- **Problem requirements**: Transcribe the full listing exactly, and drop every picture.

- **Raw data**:
<<<<

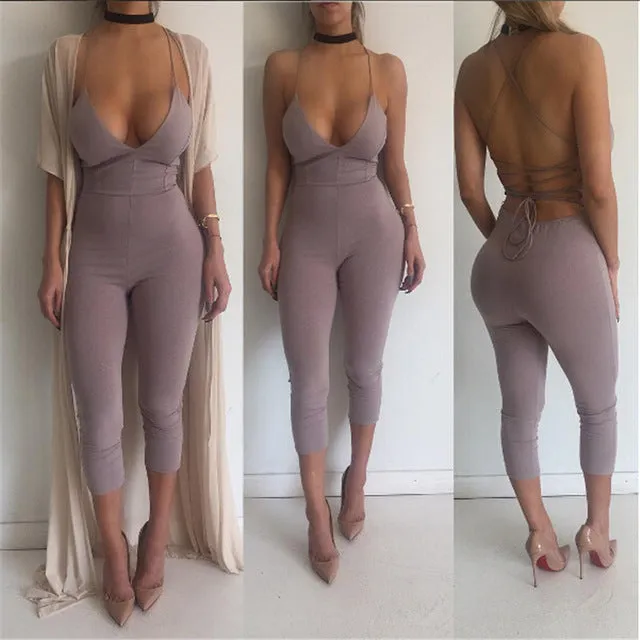 Ladies strappy back bodycon jumpsuit romper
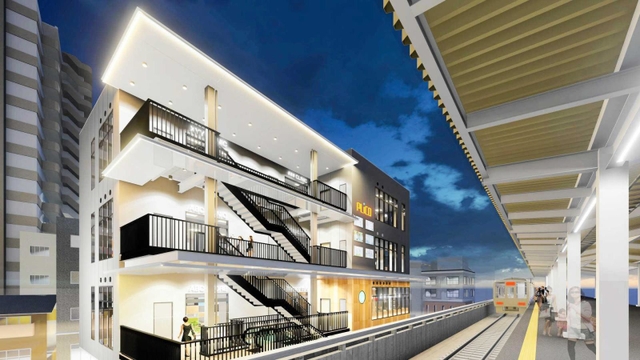 ＪＲ垂水駅南側に建設される商業施設の外観イメージ（ＪＲ西日本アーバン開発提供）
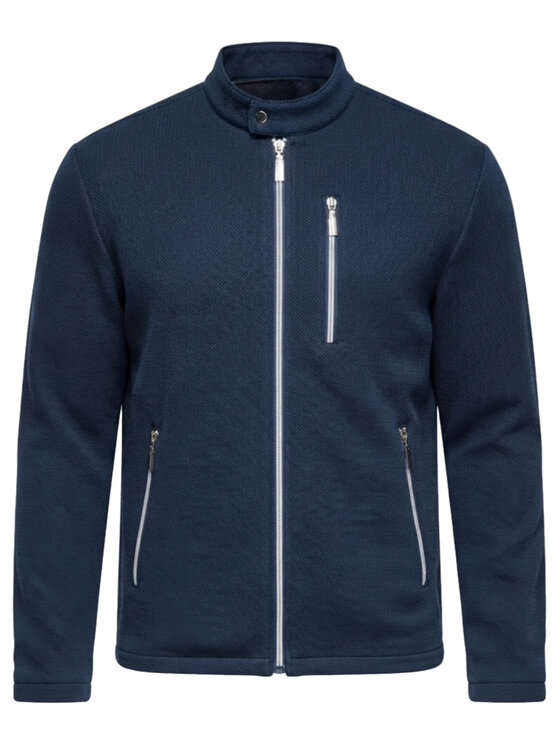 Ombre Ombre Kurtka przejściowa C587 Granatowy Slim Fit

>>>>

- **Final answer**:
 Ladies strappy back bodycon jumpsuit romper
 ＪＲ垂水駅南側に建設される商業施設の外観イメージ（ＪＲ西日本アーバン開発提供）
 Ombre Ombre Kurtka przejściowa C587 Granatowy Slim Fit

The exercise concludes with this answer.